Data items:
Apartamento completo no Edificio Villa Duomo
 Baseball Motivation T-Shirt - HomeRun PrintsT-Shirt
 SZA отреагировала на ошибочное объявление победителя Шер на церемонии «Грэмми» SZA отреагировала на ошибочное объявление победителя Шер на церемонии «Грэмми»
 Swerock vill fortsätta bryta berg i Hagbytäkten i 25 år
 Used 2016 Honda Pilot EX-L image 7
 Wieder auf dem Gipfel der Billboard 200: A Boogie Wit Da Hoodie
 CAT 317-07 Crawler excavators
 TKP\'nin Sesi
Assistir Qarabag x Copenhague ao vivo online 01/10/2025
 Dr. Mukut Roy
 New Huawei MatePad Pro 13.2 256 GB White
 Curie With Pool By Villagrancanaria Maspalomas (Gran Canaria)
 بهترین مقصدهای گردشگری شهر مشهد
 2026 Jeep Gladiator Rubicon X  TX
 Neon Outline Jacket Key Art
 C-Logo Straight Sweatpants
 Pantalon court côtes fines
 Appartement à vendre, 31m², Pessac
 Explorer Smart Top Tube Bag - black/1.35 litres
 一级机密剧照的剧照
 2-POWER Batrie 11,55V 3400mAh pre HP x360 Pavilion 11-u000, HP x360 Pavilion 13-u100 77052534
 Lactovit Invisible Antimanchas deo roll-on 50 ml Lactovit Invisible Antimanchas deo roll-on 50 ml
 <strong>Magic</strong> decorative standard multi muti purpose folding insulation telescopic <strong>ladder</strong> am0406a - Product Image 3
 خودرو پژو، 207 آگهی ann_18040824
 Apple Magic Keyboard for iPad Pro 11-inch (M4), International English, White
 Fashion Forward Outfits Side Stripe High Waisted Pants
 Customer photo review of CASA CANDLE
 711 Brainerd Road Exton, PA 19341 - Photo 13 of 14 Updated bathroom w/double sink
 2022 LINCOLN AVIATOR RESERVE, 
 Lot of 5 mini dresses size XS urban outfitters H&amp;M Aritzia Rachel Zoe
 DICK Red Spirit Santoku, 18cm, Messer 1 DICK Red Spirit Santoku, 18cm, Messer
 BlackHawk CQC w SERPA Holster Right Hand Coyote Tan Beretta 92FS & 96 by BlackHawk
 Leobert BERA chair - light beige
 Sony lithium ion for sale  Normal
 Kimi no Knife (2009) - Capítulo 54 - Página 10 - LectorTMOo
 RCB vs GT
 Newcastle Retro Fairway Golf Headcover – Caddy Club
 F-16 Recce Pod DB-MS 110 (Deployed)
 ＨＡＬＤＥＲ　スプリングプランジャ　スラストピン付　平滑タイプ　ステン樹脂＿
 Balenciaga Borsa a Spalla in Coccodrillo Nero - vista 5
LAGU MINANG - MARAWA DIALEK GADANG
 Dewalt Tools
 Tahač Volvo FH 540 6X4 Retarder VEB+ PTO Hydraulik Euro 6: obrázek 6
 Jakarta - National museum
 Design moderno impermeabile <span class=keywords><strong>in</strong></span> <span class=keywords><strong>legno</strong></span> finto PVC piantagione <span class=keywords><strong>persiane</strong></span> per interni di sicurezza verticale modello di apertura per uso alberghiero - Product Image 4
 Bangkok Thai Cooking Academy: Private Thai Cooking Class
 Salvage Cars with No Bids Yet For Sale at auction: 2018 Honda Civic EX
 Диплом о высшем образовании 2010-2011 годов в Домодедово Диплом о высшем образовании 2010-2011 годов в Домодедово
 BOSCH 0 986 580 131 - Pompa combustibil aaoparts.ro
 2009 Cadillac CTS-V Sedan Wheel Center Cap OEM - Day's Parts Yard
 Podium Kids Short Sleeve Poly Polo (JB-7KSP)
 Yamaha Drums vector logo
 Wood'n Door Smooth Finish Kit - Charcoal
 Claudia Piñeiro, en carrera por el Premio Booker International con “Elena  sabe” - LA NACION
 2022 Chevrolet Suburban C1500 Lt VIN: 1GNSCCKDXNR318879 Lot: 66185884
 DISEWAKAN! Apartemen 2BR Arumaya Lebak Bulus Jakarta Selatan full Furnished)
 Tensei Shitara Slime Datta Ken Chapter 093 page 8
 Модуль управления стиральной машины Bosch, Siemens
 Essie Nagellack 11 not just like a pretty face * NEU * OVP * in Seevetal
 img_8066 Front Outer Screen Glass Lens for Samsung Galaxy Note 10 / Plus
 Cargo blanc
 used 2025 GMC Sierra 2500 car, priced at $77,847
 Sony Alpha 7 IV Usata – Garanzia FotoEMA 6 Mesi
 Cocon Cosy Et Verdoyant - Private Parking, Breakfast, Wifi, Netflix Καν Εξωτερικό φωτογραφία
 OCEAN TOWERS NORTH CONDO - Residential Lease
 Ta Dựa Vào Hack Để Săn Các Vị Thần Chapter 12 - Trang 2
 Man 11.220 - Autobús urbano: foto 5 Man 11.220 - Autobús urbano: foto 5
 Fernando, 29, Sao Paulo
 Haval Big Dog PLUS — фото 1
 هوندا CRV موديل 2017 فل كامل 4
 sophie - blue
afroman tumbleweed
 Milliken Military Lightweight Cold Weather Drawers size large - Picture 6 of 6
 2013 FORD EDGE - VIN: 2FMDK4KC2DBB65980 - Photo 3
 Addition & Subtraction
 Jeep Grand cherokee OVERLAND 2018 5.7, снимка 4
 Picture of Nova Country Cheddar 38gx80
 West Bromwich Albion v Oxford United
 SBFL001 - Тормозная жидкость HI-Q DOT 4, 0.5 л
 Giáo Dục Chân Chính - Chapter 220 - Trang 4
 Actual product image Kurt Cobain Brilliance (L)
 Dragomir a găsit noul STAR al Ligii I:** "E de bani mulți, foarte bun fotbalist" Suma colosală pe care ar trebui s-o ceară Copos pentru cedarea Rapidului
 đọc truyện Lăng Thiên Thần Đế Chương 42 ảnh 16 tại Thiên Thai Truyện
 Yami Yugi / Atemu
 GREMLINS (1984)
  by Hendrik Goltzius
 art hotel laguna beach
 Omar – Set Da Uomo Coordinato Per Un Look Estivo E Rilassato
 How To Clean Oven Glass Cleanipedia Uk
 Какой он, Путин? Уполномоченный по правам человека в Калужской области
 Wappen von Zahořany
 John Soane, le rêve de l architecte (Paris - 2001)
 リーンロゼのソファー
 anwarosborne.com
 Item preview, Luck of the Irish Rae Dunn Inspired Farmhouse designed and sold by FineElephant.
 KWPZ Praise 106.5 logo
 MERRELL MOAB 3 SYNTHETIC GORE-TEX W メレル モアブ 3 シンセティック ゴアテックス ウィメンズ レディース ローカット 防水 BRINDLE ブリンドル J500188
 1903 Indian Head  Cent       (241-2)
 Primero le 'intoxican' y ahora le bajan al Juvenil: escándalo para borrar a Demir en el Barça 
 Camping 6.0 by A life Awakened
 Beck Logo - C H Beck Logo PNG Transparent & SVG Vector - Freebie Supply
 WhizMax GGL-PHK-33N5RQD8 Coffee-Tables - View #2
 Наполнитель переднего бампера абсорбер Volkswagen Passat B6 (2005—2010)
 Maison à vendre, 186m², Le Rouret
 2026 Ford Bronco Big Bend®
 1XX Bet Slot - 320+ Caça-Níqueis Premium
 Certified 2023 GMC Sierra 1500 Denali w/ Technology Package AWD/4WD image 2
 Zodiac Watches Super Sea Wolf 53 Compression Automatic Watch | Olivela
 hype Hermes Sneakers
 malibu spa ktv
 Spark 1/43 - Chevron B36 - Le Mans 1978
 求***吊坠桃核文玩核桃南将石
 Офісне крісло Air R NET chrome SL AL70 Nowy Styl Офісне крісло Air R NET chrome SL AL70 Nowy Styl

§ Task requirements
Write the lines out verbatim, from the one with "malibu spa ktv" through the last line of the entries, and stop there.

§ Solution for this problem
 malibu spa ktv
 Spark 1/43 - Chevron B36 - Le Mans 1978
 求***吊坠桃核文玩核桃南将石
 Офісне крісло Air R NET chrome SL AL70 Nowy Styl Офісне крісло Air R NET chrome SL AL70 Nowy Styl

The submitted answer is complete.